世界的な問題になっている薬剤耐性菌の増加
国立国際医療研究センター病院 AMR臨床リファレンスセンターは8月6日、2017年の全国の抗菌薬販売量を発表した。
画像はリリースより
昨今、薬剤耐性菌の増加が世界的に問題となっている。抗菌薬は、使われれば使われるほど薬剤耐性菌の増加につながることが知られており、抗菌薬の使用を減少させることは、薬剤耐性菌を抑制するための重要な戦略のひとつである。
日本でも2016年に薬剤耐性(AMR)対策アクションプランが策定された。このプランでは2020年までの目標として、全抗菌薬の使用を33%、日本で処方されることの多い経口セファロスポリン系薬、フルオロキノロン系薬、マクロライド系薬の使用を50%減少させることを目標としている。
厚生労働省の委託事業として設立されたAMR臨床リファレンスセンターでは、薬剤耐性対策アクションプランを実行すべく、さまざまな取り組みを行っており、薬剤耐性に関する複数のサーベイランス情報を発信している。
経口セファロスポリン系薬は14.2%減少
2017年の抗菌薬販売量(13.78 DID※注1)は、2013年(14.95 DID)と比較して7.8%の減少がみられた。経口セファロスポリン系薬は14.2%、経口マクロライド系薬は13.5%、経口キノロン系薬は9.1%減少していた。なお、2018年5月に同センターが初めて発表した公開データでは、2013~2016年における全国の抗菌薬販売量はほとんど変化が見られていなかった。
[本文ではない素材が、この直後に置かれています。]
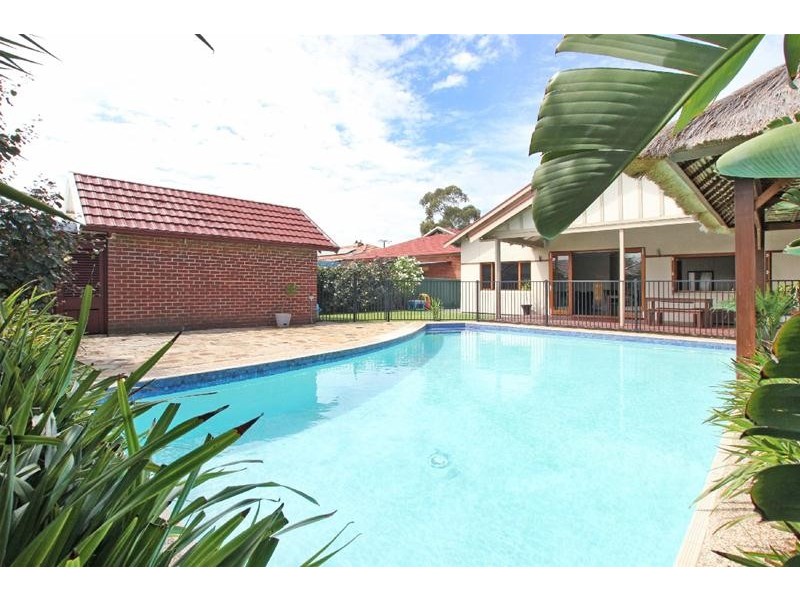 8 Hartley Road, Brighton SA 5048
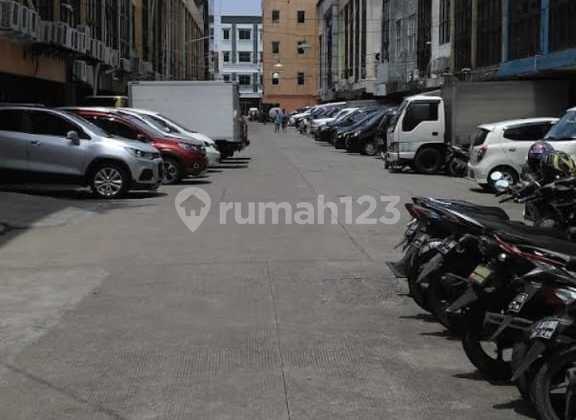 Dijual Dibawah Harga NJOP Ruko Komplek Jembatan 5 Baru Renovasi. Hubungi Ingche 0877xxxxxxxx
※注1 DID(DDDs per 1,000 inhabitants per day)=人口や抗菌薬ごとの使用量の差を補正するため、抗菌薬販売量を1000住民・1日あたりのDefined Daily Dose(DDD)で表したもの
AMR臨床リファレンスセンターは、薬剤耐性(AMR)対策アクションプランに基づくさまざまな取り組みが行われたことが、今回の抗菌薬販売量の減少につながったと指摘。2020年までの目標達成に向け、より一層の適正使用推進に取り組んでいくとともに、積極的にサーベイランス情報を発信していくとしている。
なお、今回公開されたデータは、卸業者の販売量をもとに抗菌薬販売量データを算出したものであり、実際の医療現場での抗菌薬の使用実態をそのまま示すものではない。また、2018年5月に発表をした抗菌薬販売量集計データは、都道府県別の情報を公開していたが、抗菌薬の集計結果には当該都道府県以外を対象とした販売量も含まれる場合があり、使用量と乖離する可能性があることから、今回は全国の集計値のみを発表したとしている。